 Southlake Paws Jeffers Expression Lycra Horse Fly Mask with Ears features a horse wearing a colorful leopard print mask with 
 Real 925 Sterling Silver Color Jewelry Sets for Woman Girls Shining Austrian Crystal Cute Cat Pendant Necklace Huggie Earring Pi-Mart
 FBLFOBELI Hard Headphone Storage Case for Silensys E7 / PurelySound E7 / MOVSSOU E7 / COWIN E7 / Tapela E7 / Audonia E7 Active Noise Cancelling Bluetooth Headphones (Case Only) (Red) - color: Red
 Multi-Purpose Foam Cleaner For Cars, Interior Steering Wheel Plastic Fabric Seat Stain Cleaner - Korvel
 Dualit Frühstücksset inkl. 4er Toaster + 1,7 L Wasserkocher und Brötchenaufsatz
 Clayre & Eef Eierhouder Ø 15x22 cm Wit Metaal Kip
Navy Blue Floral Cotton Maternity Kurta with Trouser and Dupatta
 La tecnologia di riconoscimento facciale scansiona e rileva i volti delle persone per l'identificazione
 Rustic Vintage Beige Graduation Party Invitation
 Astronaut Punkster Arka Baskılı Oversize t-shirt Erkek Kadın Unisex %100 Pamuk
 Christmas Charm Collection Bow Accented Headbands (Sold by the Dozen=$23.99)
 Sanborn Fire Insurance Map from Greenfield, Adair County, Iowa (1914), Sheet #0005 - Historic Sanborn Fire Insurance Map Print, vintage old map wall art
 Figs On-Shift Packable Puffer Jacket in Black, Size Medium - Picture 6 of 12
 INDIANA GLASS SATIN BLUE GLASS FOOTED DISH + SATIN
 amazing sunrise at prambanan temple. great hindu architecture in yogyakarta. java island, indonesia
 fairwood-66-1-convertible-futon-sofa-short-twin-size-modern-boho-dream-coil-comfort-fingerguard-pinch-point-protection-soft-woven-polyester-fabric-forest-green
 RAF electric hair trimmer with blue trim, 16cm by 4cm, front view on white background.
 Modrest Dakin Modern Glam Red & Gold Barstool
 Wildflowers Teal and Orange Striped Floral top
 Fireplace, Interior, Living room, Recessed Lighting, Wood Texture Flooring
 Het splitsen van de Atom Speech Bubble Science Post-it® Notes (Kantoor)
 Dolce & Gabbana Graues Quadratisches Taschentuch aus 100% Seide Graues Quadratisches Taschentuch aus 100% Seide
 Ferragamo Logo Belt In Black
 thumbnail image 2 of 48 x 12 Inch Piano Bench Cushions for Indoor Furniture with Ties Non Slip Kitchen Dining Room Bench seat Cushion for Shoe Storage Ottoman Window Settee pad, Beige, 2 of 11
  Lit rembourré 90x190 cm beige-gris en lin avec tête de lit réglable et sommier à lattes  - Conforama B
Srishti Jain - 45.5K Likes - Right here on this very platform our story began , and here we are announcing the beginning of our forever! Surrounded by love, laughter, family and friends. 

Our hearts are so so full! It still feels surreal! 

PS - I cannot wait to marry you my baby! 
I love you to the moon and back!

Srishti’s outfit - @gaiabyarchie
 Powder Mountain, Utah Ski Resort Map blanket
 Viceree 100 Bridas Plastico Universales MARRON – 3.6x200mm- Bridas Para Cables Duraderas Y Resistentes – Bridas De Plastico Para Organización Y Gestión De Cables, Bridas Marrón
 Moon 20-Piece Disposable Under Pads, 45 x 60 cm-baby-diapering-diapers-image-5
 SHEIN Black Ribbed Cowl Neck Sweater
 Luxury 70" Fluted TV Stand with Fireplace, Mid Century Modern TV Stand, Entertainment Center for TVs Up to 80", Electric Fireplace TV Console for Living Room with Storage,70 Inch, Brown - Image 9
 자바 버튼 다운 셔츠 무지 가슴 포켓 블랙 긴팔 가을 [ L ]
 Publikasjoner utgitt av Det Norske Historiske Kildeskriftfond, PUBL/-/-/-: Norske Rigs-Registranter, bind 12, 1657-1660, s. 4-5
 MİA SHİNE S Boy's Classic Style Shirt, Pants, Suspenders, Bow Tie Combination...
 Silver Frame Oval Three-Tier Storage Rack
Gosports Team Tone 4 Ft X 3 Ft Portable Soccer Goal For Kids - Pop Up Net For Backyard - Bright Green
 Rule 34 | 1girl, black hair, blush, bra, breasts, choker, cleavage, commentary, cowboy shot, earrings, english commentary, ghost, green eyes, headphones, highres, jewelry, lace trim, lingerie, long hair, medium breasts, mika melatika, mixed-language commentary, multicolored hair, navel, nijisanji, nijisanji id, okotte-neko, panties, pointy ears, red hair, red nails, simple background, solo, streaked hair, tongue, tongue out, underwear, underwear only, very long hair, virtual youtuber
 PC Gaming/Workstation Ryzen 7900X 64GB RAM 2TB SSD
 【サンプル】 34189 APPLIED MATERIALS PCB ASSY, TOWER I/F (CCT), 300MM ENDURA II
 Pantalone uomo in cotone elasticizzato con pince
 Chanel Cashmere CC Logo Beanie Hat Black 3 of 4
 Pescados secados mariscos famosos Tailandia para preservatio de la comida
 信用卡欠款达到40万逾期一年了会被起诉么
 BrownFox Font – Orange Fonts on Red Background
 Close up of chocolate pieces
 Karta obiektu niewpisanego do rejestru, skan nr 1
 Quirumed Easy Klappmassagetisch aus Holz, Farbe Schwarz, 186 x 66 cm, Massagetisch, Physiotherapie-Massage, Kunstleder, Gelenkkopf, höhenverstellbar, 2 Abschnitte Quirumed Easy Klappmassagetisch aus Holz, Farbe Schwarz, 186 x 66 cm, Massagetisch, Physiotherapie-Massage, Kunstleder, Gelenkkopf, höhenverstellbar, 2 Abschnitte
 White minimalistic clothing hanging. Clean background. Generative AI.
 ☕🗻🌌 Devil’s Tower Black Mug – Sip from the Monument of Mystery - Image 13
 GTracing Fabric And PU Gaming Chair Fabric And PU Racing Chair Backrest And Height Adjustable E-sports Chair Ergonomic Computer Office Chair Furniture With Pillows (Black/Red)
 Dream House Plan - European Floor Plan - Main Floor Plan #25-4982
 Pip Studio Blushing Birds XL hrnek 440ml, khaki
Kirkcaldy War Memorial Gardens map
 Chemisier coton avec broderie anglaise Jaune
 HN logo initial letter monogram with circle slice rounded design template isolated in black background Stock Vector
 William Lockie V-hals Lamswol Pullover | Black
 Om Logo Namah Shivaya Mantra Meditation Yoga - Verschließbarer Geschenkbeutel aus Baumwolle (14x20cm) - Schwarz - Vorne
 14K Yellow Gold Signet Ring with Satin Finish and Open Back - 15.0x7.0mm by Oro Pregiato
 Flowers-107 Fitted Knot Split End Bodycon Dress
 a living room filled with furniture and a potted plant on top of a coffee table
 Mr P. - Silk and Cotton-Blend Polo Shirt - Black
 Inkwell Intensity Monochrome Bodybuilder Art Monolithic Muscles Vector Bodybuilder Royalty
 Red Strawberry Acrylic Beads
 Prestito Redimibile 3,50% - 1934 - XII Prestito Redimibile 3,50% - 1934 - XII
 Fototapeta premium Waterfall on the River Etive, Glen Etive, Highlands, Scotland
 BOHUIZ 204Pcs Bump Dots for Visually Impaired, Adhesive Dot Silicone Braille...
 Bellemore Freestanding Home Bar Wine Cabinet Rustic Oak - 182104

------------------------------------------------------------------------

▶ EXERCISE BRIEF
Beginning with the line that has "Viceree 100 Bridas" and ending with the line that has "Mystery - Image 13", set down the lines above exactly and include no others.

▶ SOLUTION FOR THIS EXERCISE
 Viceree 100 Bridas Plastico Universales MARRON – 3.6x200mm- Bridas Para Cables Duraderas Y Resistentes – Bridas De Plastico Para Organización Y Gestión De Cables, Bridas Marrón
 Moon 20-Piece Disposable Under Pads, 45 x 60 cm-baby-diapering-diapers-image-5
 SHEIN Black Ribbed Cowl Neck Sweater
 Luxury 70" Fluted TV Stand with Fireplace, Mid Century Modern TV Stand, Entertainment Center for TVs Up to 80", Electric Fireplace TV Console for Living Room with Storage,70 Inch, Brown - Image 9
 자바 버튼 다운 셔츠 무지 가슴 포켓 블랙 긴팔 가을 [ L ]
 Publikasjoner utgitt av Det Norske Historiske Kildeskriftfond, PUBL/-/-/-: Norske Rigs-Registranter, bind 12, 1657-1660, s. 4-5
 MİA SHİNE S Boy's Classic Style Shirt, Pants, Suspenders, Bow Tie Combination...
 Silver Frame Oval Three-Tier Storage Rack
Gosports Team Tone 4 Ft X 3 Ft Portable Soccer Goal For Kids - Pop Up Net For Backyard - Bright Green
 Rule 34 | 1girl, black hair, blush, bra, breasts, choker, cleavage, commentary, cowboy shot, earrings, english commentary, ghost, green eyes, headphones, highres, jewelry, lace trim, lingerie, long hair, medium breasts, mika melatika, mixed-language commentary, multicolored hair, navel, nijisanji, nijisanji id, okotte-neko, panties, pointy ears, red hair, red nails, simple background, solo, streaked hair, tongue, tongue out, underwear, underwear only, very long hair, virtual youtuber
 PC Gaming/Workstation Ryzen 7900X 64GB RAM 2TB SSD
 【サンプル】 34189 APPLIED MATERIALS PCB ASSY, TOWER I/F (CCT), 300MM ENDURA II
 Pantalone uomo in cotone elasticizzato con pince
 Chanel Cashmere CC Logo Beanie Hat Black 3 of 4
 Pescados secados mariscos famosos Tailandia para preservatio de la comida
 信用卡欠款达到40万逾期一年了会被起诉么
 BrownFox Font – Orange Fonts on Red Background
 Close up of chocolate pieces
 Karta obiektu niewpisanego do rejestru, skan nr 1
 Quirumed Easy Klappmassagetisch aus Holz, Farbe Schwarz, 186 x 66 cm, Massagetisch, Physiotherapie-Massage, Kunstleder, Gelenkkopf, höhenverstellbar, 2 Abschnitte Quirumed Easy Klappmassagetisch aus Holz, Farbe Schwarz, 186 x 66 cm, Massagetisch, Physiotherapie-Massage, Kunstleder, Gelenkkopf, höhenverstellbar, 2 Abschnitte
 White minimalistic clothing hanging. Clean background. Generative AI.
 ☕🗻🌌 Devil’s Tower Black Mug – Sip from the Monument of Mystery - Image 13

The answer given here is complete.